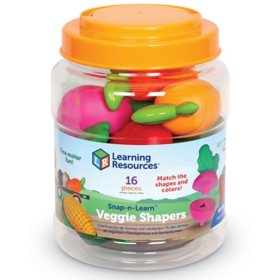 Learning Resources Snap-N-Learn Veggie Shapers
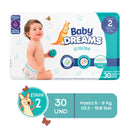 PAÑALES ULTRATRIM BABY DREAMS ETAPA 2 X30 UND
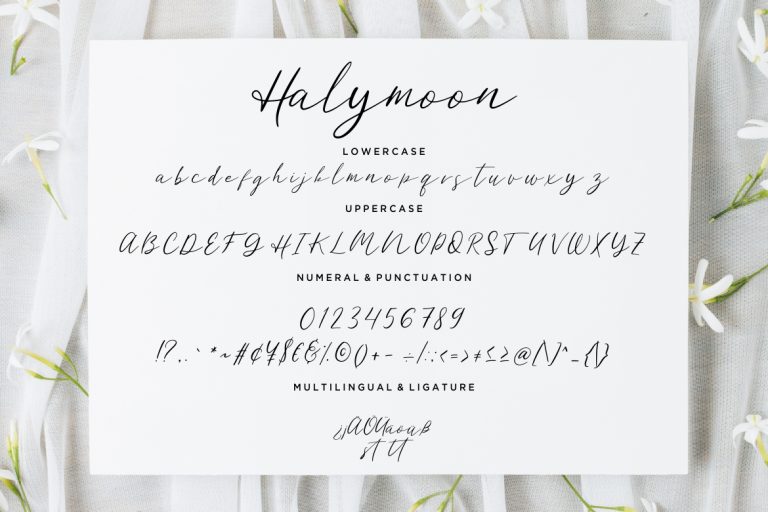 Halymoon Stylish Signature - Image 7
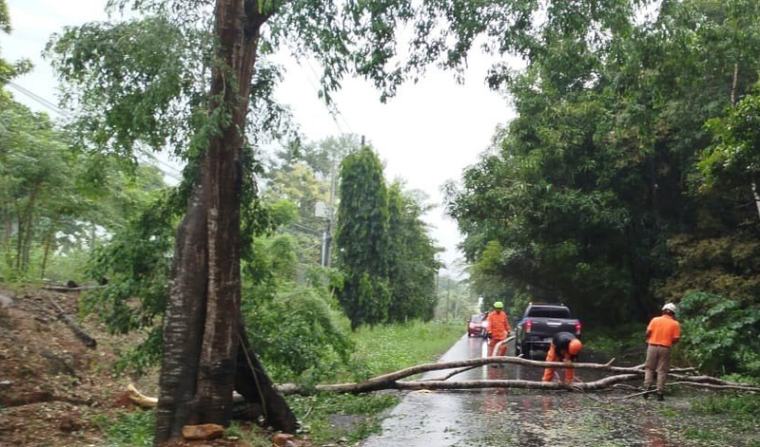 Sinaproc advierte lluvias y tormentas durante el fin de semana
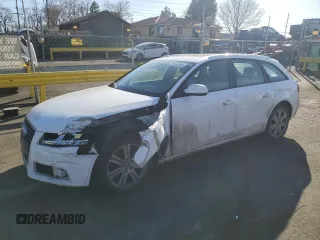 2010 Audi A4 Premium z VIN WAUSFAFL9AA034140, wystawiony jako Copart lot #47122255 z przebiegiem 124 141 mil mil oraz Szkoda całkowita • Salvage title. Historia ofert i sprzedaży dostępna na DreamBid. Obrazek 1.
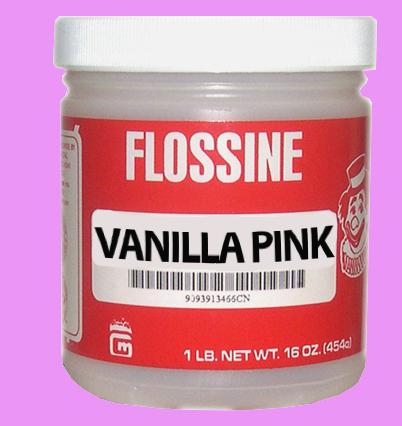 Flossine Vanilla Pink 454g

* * *

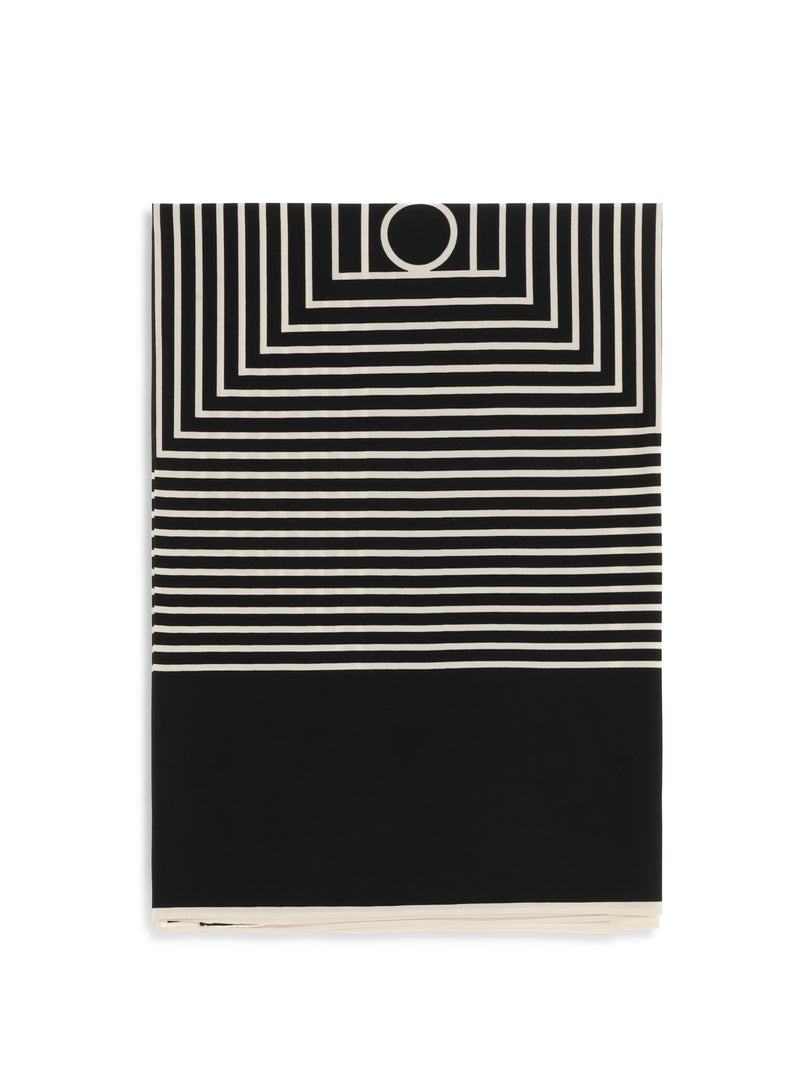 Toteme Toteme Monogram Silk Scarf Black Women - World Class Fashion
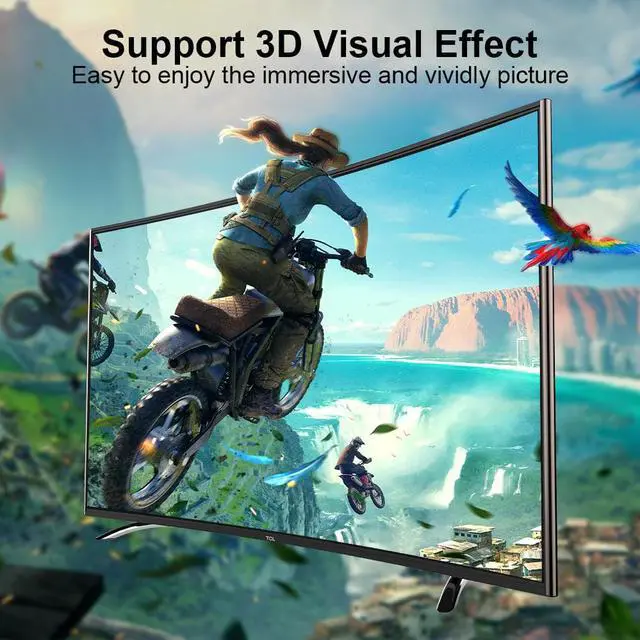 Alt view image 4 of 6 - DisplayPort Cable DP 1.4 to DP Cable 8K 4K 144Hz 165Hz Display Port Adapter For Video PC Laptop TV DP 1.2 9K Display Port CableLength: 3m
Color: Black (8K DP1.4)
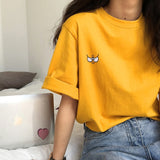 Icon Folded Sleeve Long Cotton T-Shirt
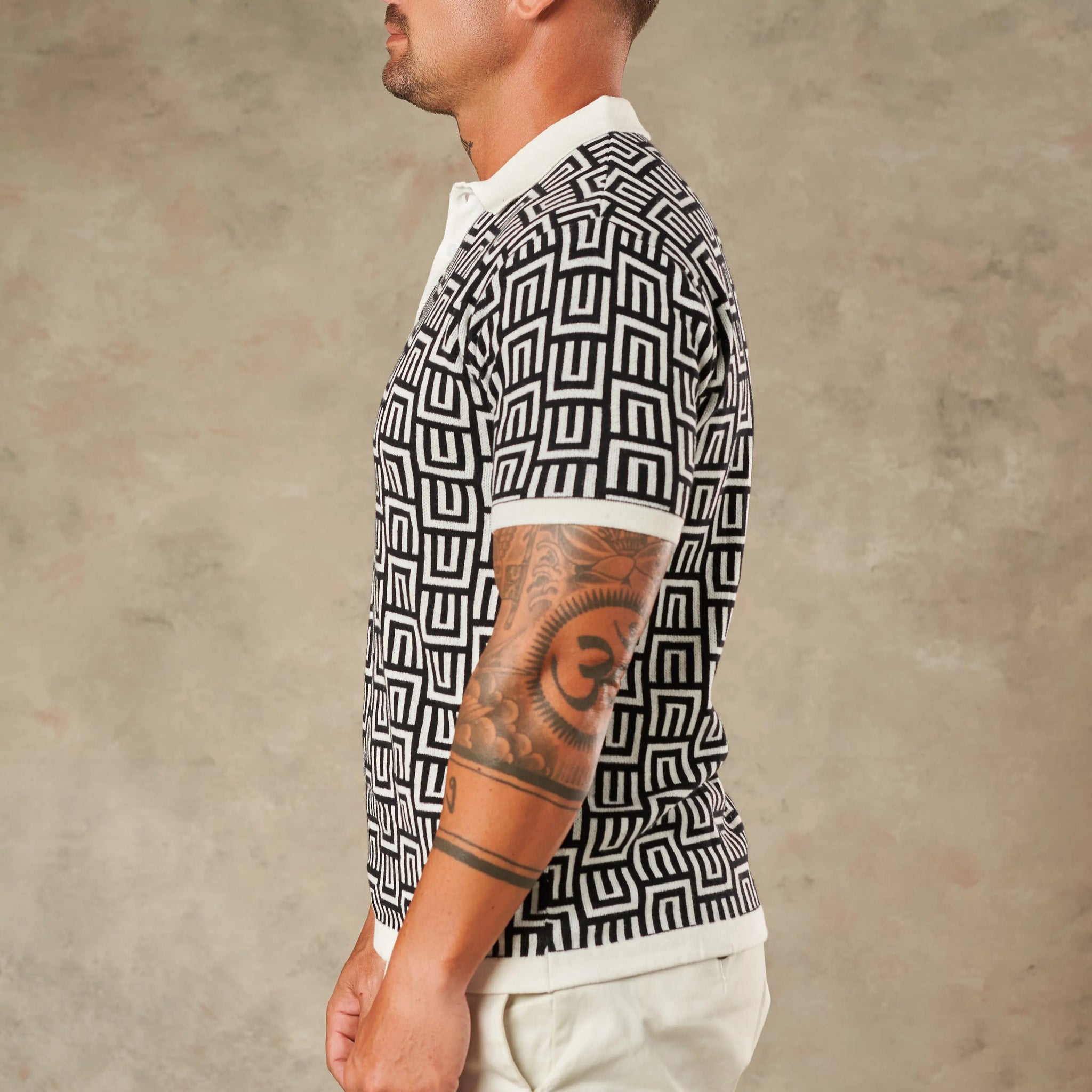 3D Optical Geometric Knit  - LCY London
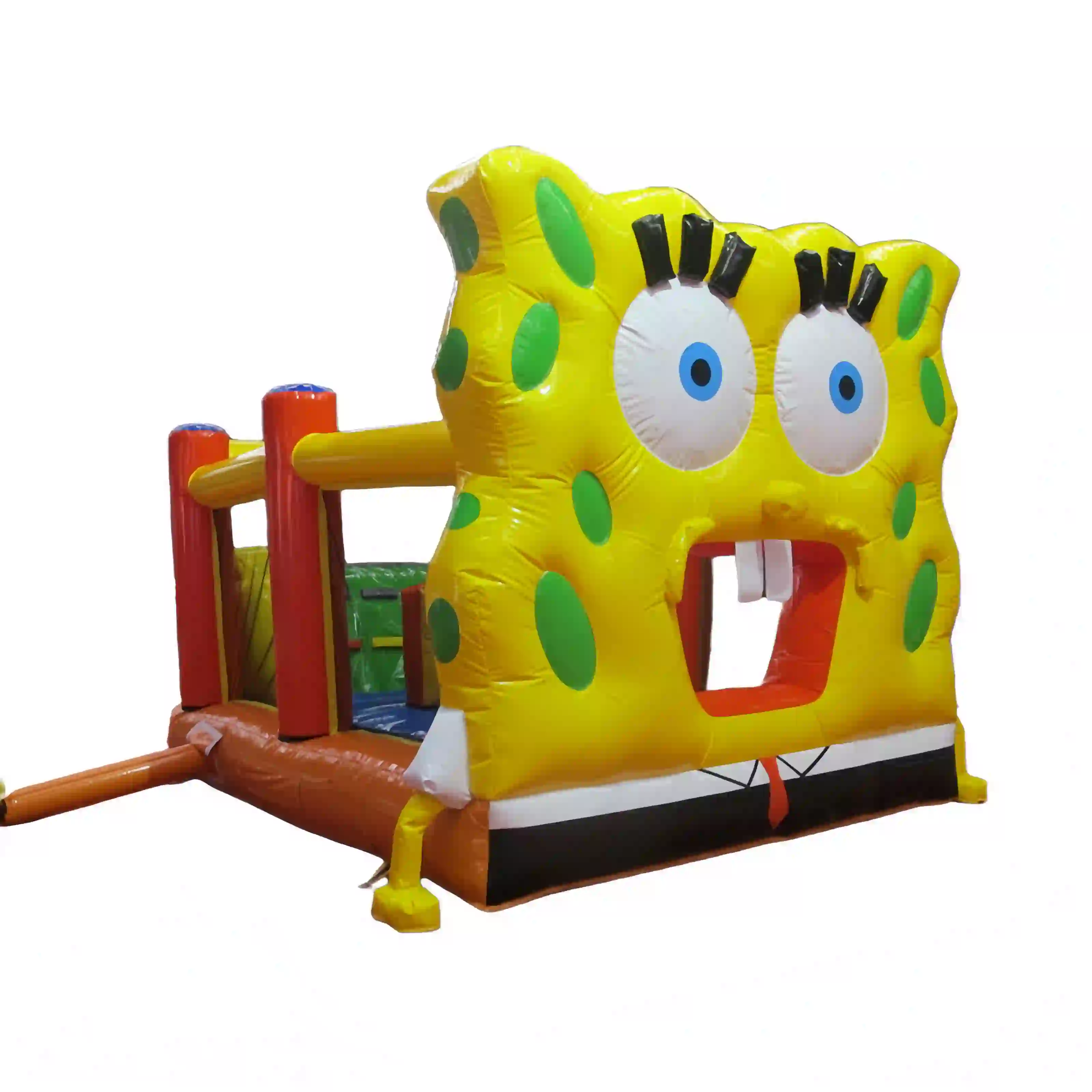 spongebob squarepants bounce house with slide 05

YOUR OBJECTIVE: Return exactly the lines of the material above, starting at the line containing "Color: Black (8K DP1.4)" and finishing at the line containing "spongebob squarepants bounce", without any pictures.

RESPONSE AREA:
Color: Black (8K DP1.4)
 Icon Folded Sleeve Long Cotton T-Shirt
 3D Optical Geometric Knit  - LCY London
 spongebob squarepants bounce house with slide 05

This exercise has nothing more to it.